Work to be completed: Only the lines from the one containing "People gather to" through the end of the entries are wanted, retyped exactly and without pictures.

Web page caption snippets:

* * *

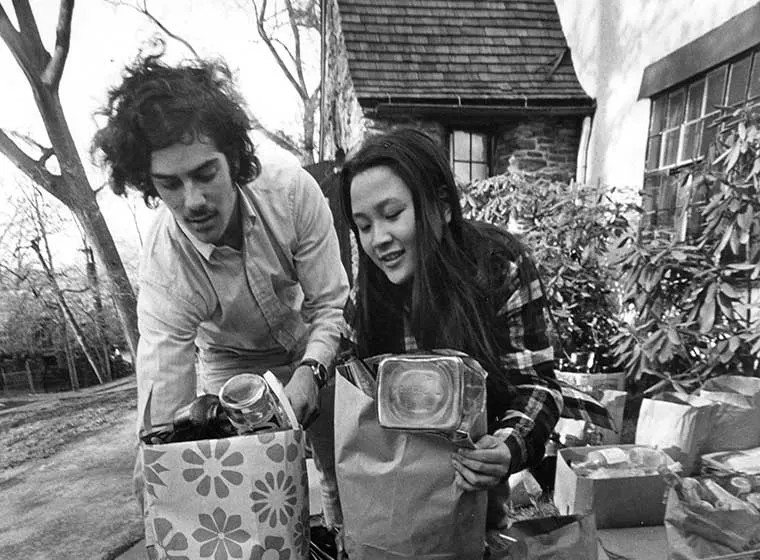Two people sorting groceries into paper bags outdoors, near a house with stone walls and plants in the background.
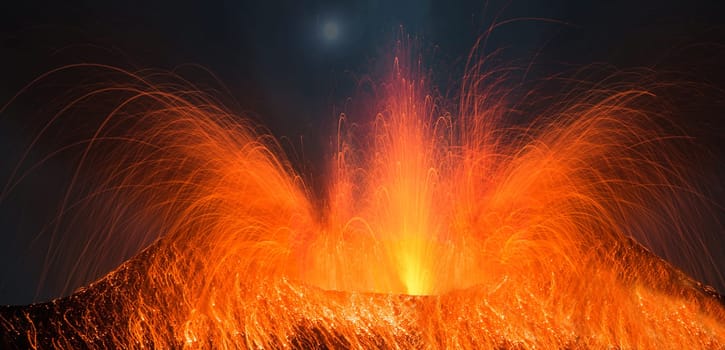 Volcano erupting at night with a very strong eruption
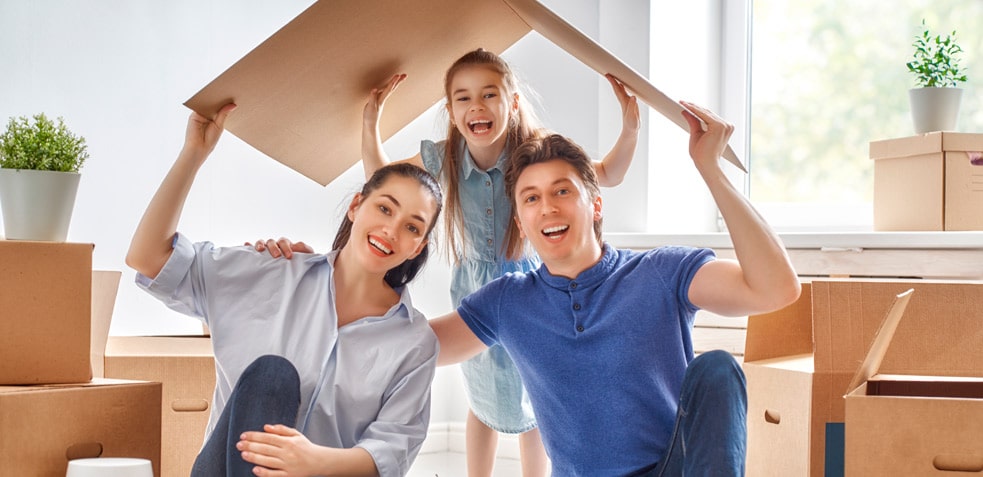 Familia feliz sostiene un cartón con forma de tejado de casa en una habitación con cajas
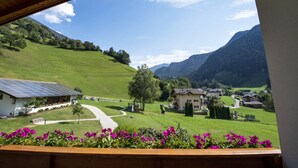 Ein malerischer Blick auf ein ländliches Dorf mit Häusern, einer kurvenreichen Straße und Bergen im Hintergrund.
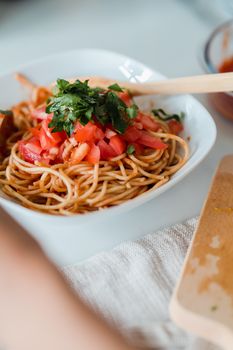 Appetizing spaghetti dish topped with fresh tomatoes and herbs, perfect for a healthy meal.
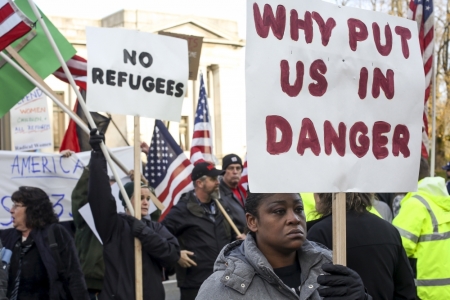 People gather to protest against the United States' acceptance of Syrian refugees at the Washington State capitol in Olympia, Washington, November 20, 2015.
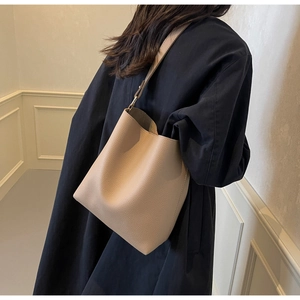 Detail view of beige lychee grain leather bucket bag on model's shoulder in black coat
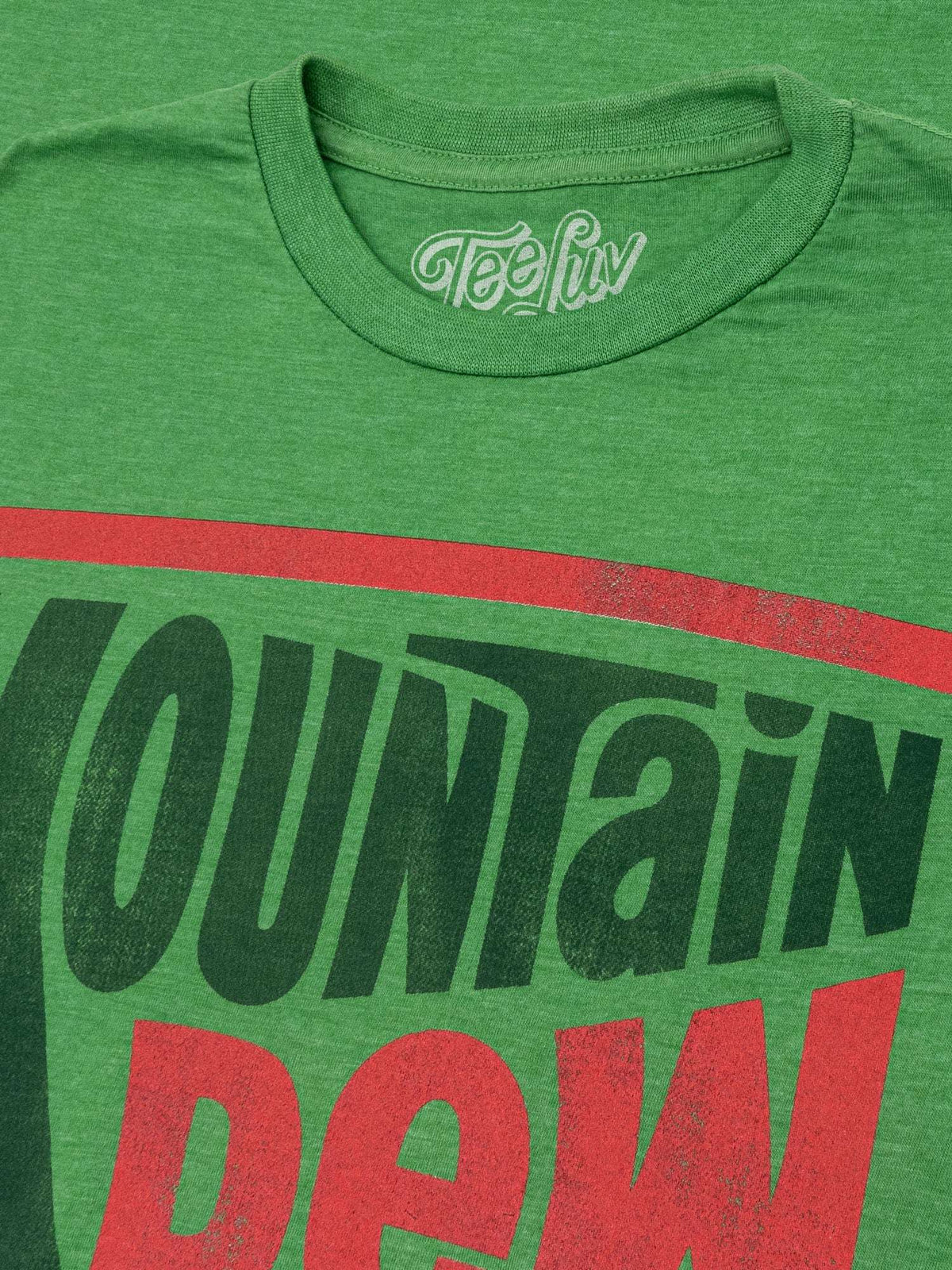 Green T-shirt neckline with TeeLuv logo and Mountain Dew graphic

* * *

Exercise output:
 People gather to protest against the United States' acceptance of Syrian refugees at the Washington State capitol in Olympia, Washington, November 20, 2015.
 Detail view of beige lychee grain leather bucket bag on model's shoulder in black coat
 Green T-shirt neckline with TeeLuv logo and Mountain Dew graphic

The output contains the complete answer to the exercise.